## Your assignment:
Verbatim output of the lines below is required, with the images omitted.

## Data shown:
-=-=-=-=-

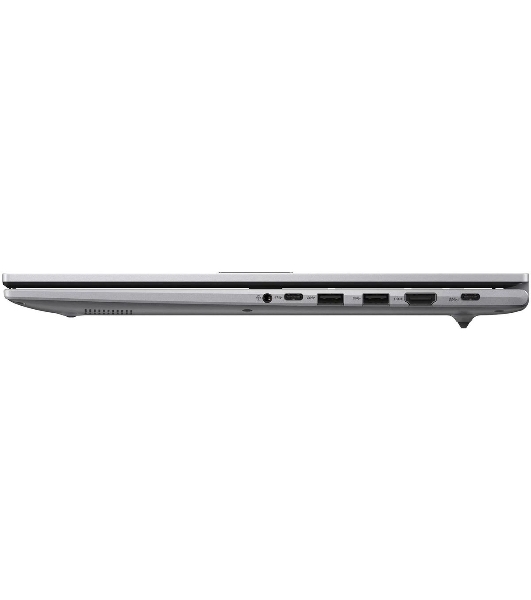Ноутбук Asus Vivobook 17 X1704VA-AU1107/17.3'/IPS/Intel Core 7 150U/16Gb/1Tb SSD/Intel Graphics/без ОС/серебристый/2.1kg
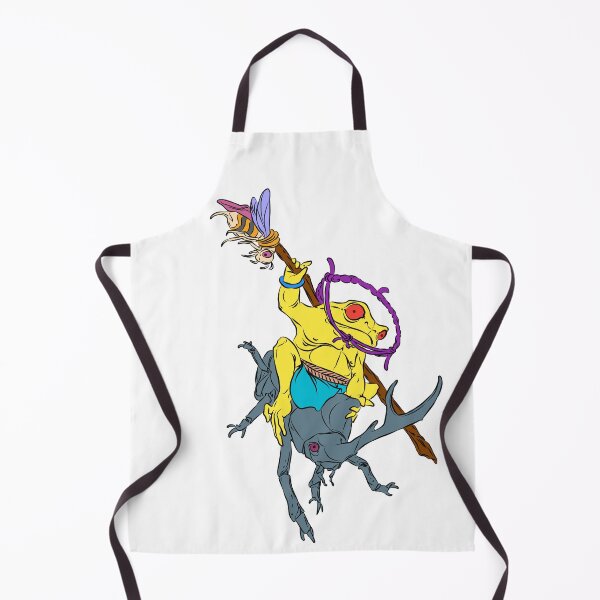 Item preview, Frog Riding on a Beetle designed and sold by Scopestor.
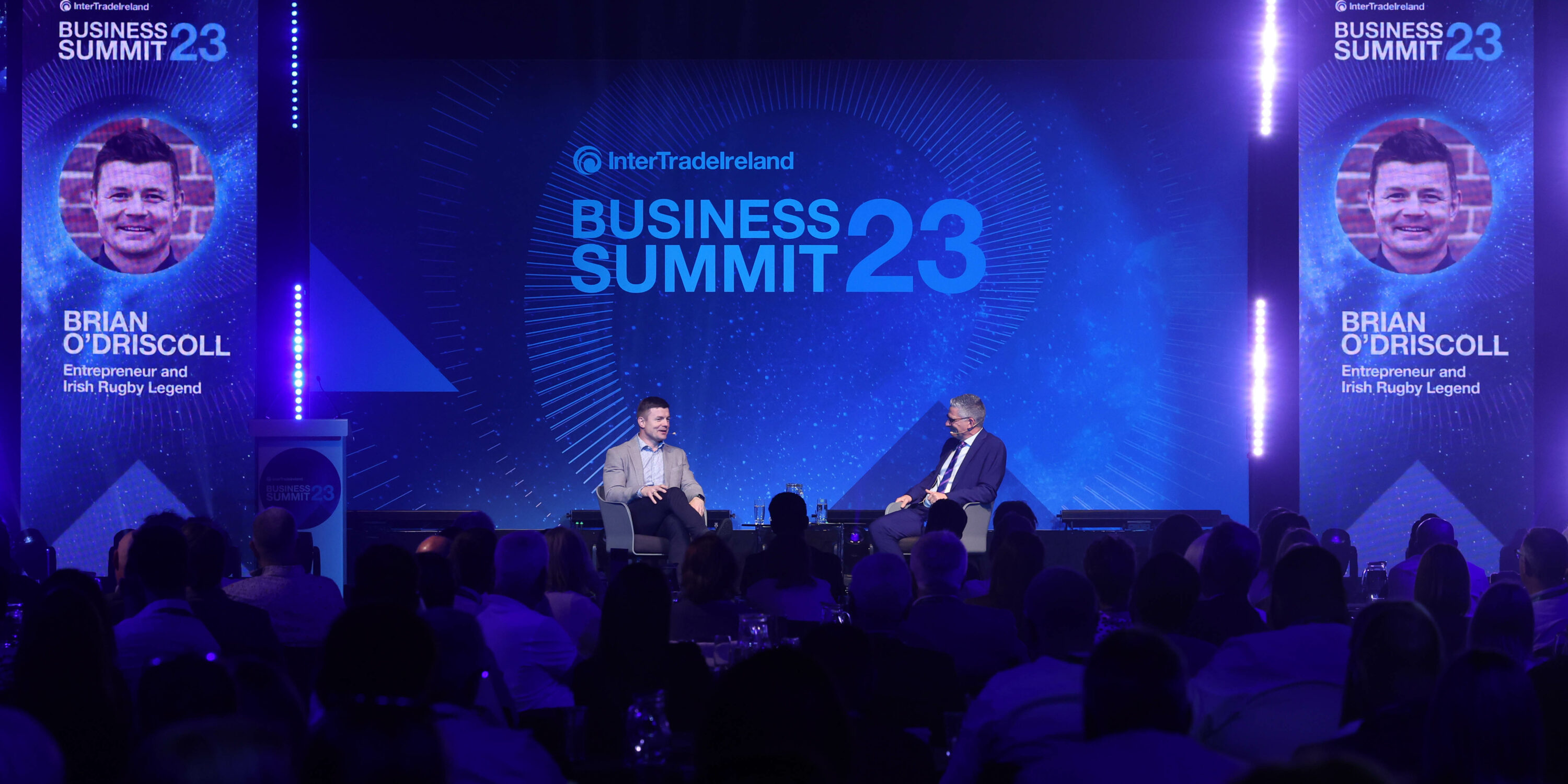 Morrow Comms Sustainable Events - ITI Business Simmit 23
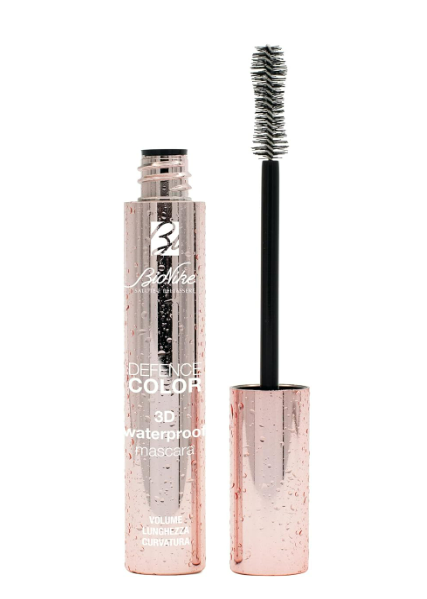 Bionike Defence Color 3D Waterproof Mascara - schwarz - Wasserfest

-=-=-=-=-

## Solution for this problem:
Ноутбук Asus Vivobook 17 X1704VA-AU1107/17.3'/IPS/Intel Core 7 150U/16Gb/1Tb SSD/Intel Graphics/без ОС/серебристый/2.1kg
 Item preview, Frog Riding on a Beetle designed and sold by Scopestor.
 Morrow Comms Sustainable Events - ITI Business Simmit 23
 Bionike Defence Color 3D Waterproof Mascara - schwarz - Wasserfest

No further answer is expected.